"Gallery provides haven for Cuban women's art" by Mary Houlihan

May 18, 2007. Chicago Sun-Times

A unique exhibit -- ELLAS: Contemporary Women Artists in Cuba --opens today at the Havana Gallery on the North Side.

Walk through Havana's outdoor artist's market or talk to art students in a cafe or stop in an artist's home and you'll encounter the vast spectrum of work that makes up the Cuban art world. You'll come away with the distinct impression that the artist's life is a very popular one on this island that in many ways still exists in a 1950s haze.

Yes, many Cubans see art as a way of making a buck from tourists, but only the very talented artists capture the attention of foreign galleries on the lookout for new and established talent. One of these galleries is Chicago-based Havana Gallery, whose director, Allison Hill, travels to the island several times a year to meet new artists and check in on old friends.


"La Boda de Mar y Hombre"
("The Marriage of Man and Sea")
by Alicia Leal

"Mujer con Ciudad en la Cabeza"
("Woman with a City on her Head")
by Julieta Martinez

'ELLAS: CONTEMPORARY WOMEN ARTISTS IN CUBA'
To June 3
Havana Gallery, 1139 W. Webster
Free
(773) 549-2492

While Americans aren't allowed to travel to Cuba and most artists have trouble obtaining visas to enter the United States, artworks -- considered a cultural exchange -- are exempt from the U.S. embargo on political or economic ventures. Art dealers, scholars and journalists can apply for a license to travel legally to the island.

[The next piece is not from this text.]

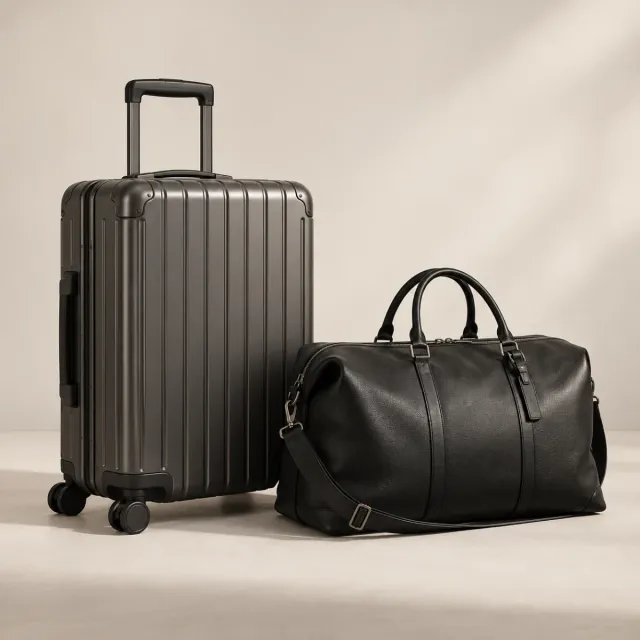 Studio Departure Set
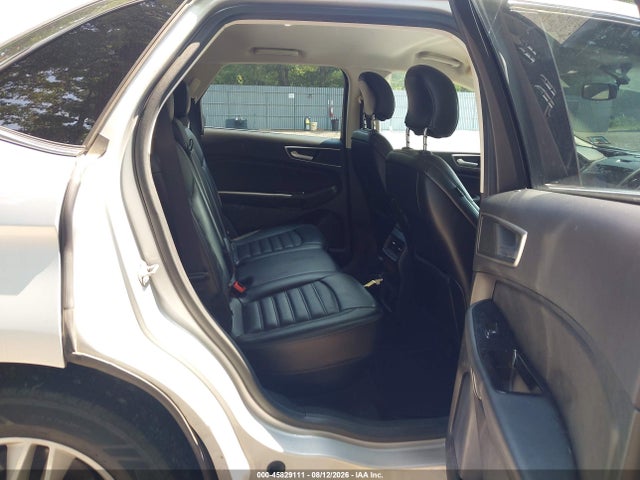 Продаж на аукціоні авто 2016 Ford Edge Sel, vin: 2FMPK4J95GBC25242, номер лоту: 45829111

In Havana Gallery's early years, artists exhibited were mostly men. Hill remembers only one woman among them. In order to change that balance, she and gallery owner Paul Redmond made a concentrated effort to seek out more women artists.

The result of that search is "ELLAS: Contemporary Women Artists in Cuba," the gallery's first all-female exhibit, featuring work by Tania Chang, Alicia de la Campa, Sandra Dooley, Yoanis Gil, Alicia Leal, Isolina Limonta and Julieta Martinez.

Two days before the show's opening, the gallery floor was covered with unframed canvases. Hill walked a visitor through the colorful swirl of images, all figurative, all in their own way magical in image and style.

The best-known artist in the show is Leal, who is among the top 10 artists in Cuba. A prolific painter, she is known for her surreal, graphic style, which is influenced by the naive painters of the Caribbean.

"In Cuba, there is a lot of public art featuring the most famous artists," Hill said. "Alicia's work is always included."

Chang is from Pinar del Rio on the west side of the island. Hill first encountered her work earlier this year and was impressed with "her sensual portraits of women made from the elements of nature and the seasons."

On her trips to Cuba, Hill visits home studios, colorful workplaces that reveal much about the artists. Martinez's workspace is a tiny room tucked away in a small apartment. The walls throughout are covered floor to ceiling with her whimsical paintings that are "maternal, feminine and sweet." Dooley is a self-taught artist who discovered she could paint by creating Christmas decorations and cards. Everyone loved them so much, she just kept developing her style. She's one of the gallery's most prolific artists.

"Each month, she e-mails a new batch of images of her latest work," Hill said. Political comments, if they exist at all, are subtly woven into these works. De la Campa's mesmerizing paintings often feature such commentary.

"A lot of Alicia's work is about how Cuban people evolve and adapt to the problems and changes there," Hill said. "For instance, when I started working with her, artists were allowed to have a private gallery. Now that is illegal. But they take it in stride and are always ready to find another way to get by."

Hill, also a working artist, says that galleries like Woman Made Gallery and Artemisia Gallery helped her get established early in her career. She hopes to do some of the same for these Cuban artists.

"Working with those galleries helped me get my work out there and move forward," Hill said. "I hope I'm passing that same sort of thing on to the women in Cuba."